It may sound good to you because it doesn't require any hard work WITHIN yourself. Probably backfire on you in terms of motivating your W though, unless of course she's the type of woman who just wants power and control over you, getting you to behave in a way that suits her, and doesn't really respect you. (Some women are plenty okay with that though and maybe you're married to one. Frankly, I think Dr. Laura is probably one of these women.)
That's the problem with this approach though. It is very disrespectful to men. It leaves men dependent upon women and doesn't encourage personal growth in men. It's as though she thinks men aren't capable of this kind of growth. These men continue to remain in bondage. Dependency is hard to respect. Easy to manipulate and control, but hard to respect.

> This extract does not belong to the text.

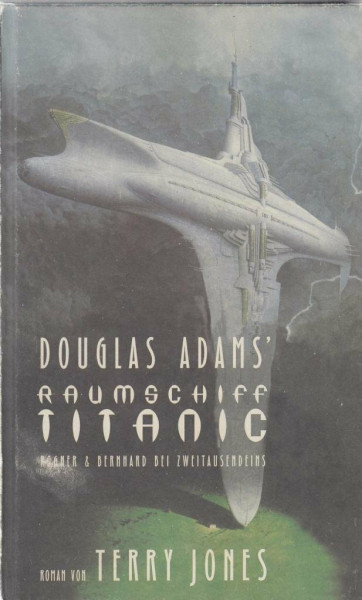 Douglas Adams` Raumschiff Titanic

You want lasting change and motivated desire from your W regarding sex with you? Be independent, be responsible for your OWN self-respect. Behave responsibly and treat others respectfully because it is the right thing to do...period. Love yourself because you know you are worth loving not because you need someone to make you feel loved. Develop real self-esteem...the kind that shows up as quiet confident strength, not the swaggering, fake stuff. Don't expect or wait for her (or anyone else) to set all the conditions up around you so that it is easy for you to be this kind of a person. It's your responsibility to become this kind of person, no one else's. Be this kind of a person and it won't matter what the conditions are around you. I believe that both men and women are fully capable and responsible for becoming this kind of person.
That's the way my H is. That's why I was independently looking for ways to improve my sexual desire. He didn't need to send me links or shove books at me. I want to contribute to his happiness. He is a man I respect. He is a man who stands as a full and complete human being independent of me. He doesn't hold me responsible for his sense of well-being. He is with me because he loves me and respects me and it is a choice, not because he needs me.
Be that kind of person and she'll WANT to keep you in her life. She'll want to do whatever she can to jumpstart her desire. She'll want to contribute to your happiness because it gives her joy to do so, not just to keep you behaving like a good little puppy.
If you're trying to "make" her respect you or you think she just "ought" to respect you, you've started at the wrong end. It starts with you and has nothing to do with her.